LES MODIFICATIONS APPORTÉES PAR L'ASSEMBLÉE NATIONALE
En première délibération , l'Assemblée nationale a adopté sans modification les crédits de la mission « Justice ».
En seconde délibération , à l'initiative du Gouvernement, l'Assemblée nationale a adopté un amendement minorant de 37,5 millions d'euros les autorisations d'engagement (AE) et les crédits de paiement (CP) de la mission « Justice ».
D'une part, cet amendement tire les conséquences de la mise en oeuvre du protocole relatif à l'avenir de la fonction publique et à la modernisation des parcours professionnels, des carrières et des rémunérations : cela conduit à une majoration des crédits de 7,42 millions d'euros de dépenses de personnel.
D'autre part, afin de garantir le respect de la norme de dépense en valeur de l'État, il est procédé à une diminution des crédits de 45 millions d'euros (en AE et en CP), qui se répartit de la manière suivante :
- 15,3 millions d'euros sur le programme « Justice judiciaire » ;
- 20,6 millions d'euros sur le programme « Administration pénitentiaire » ;
- 6,2 millions d'euros sur le programme « Accès au droit et à la justice » ;
- 2,9 millions d'euros sur le programme « Conduite et pilotage de la politique de la justice » ;
- 0,03 million d'euros sur le programme « Conseil supérieur de la magistrature ».
La justification retenue est proche de celle justifiant l'amendement de seconde délibération déposé par le Gouvernement lors de l'examen du projet de loi de finances pour 2015, à savoir, pour tous les programmes (sauf le programme Accès au droit et à la justice), « l'actualisation des estimations concernant le rythme de réalisation des investissements immobiliers » ou « informatiques » et « les économies sur les dépenses de fonctionnement courant ».
S'agissant du programme « Accès au droit et à la justice », qui retrace notamment les dépenses d'aide juridictionnelle, la réduction des crédits serait permise par « une optimisation de la gestion financière du dispositif ». Le détail de cette optimisation n'est pas précisé, alors même que des crédits supplémentaires au titre de l'aide juridictionnelle doivent régulièrement être votés en cours de gestion.
EXAMEN EN COMMISSION
Au cours de sa réunion du mercredi 18 novembre 2015, sous la présidence de Mme Michèle André, présidente, la commission a examiné le rapport de M. Antoine Lefèvre, rapporteur spécial, sur la mission « Justice » .

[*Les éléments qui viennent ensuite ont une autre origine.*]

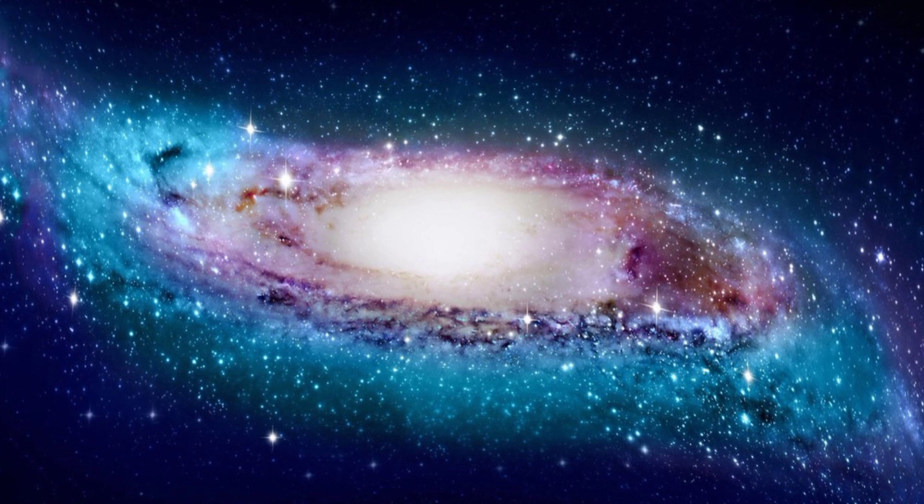Number 8: Milky Way Galaxy. The Milky Way is the galaxy that contains our solar system, with the name describing the galaxy's appearance from Earth — a hazy band of light seen in the night sky, formed from stars that cannot be individually distinguished by the naked eye. The Milky Way has relatively low surface brightness, and its visibility can be greatly reduced by background light such as light pollution or moonlight.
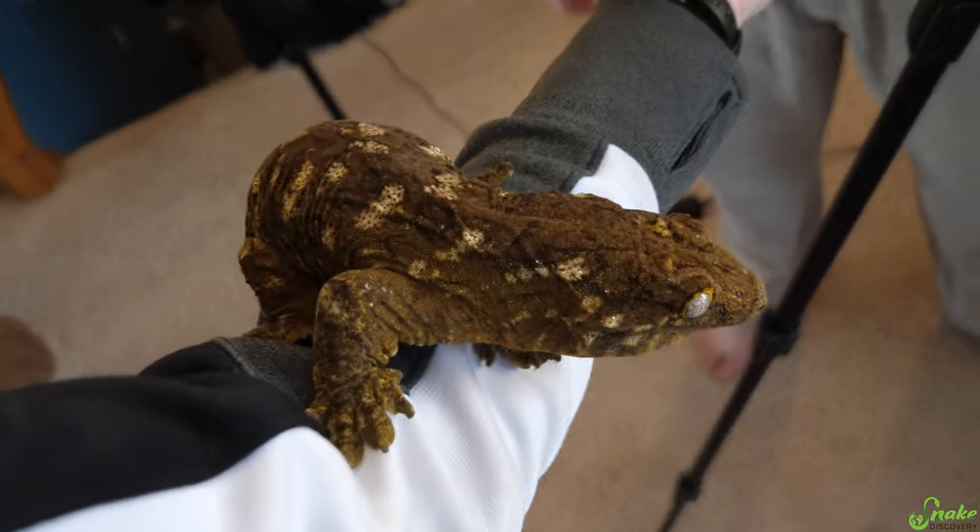Like many arboreal geckos, leachies tend to jump — they love to leap. You can actually predict when they're going to jump because they bring their back feet forward to prepare their bodies before taking off. So keep a close eye on their body language to prevent them from leaping and landing on the floor and possibly hurting themselves. These guys are daredevils — they'll jump anywhere, anytime, with no apparent concern for their own safety, so you have to be their safety for them.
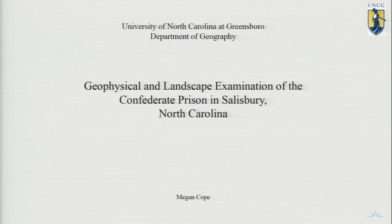Good morning, ladies and gentlemen. Thank you for being here today. The title of my work is Geophysical and Landscape Examination of the Confederate Prison in Salisbury, North Carolina.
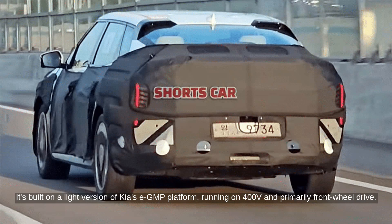It's built on a lite version of Kia's E-GMP platform, running on 400V and primarily front-wheel drive.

M. Antoine Lefèvre , rapporteur spécial . - L'équilibre de cette mission va être profondément modifié après les annonces du Président de la République devant le Congrès.
Pour l'instant, il est prévu qu'en 2016, le ministère de la justice devrait disposer de 7,9 milliards d'euros en crédits de paiement et de plus de 8 milliards d'euros en autorisations d'engagement. C'est une augmentation modeste de 79 millions d'euros, soit 1 %. Ces moyens ont d'ailleurs été réduits de 40 millions par un amendement du Gouvernement en seconde délibération à l'Assemblée. L'augmentation de ce budget résulte des créations de postes : 979 au total, dont plus de 700 dans l'administration pénitentiaire et environ 150 dans les juridictions. Aux 650 emplois prévus par le triennal s'ajoutent 323 emplois au titre du plan de lutte anti-terroriste.
Plus de 800 emplois ont été créés en 2015 dans le cadre du décret d'avance de février, après les attentats contre Charlie Hebdo et l'Hyper-cacher. Outre les dépenses de personnel associées à ces créations de postes, 80 millions d'euros ont été budgétés.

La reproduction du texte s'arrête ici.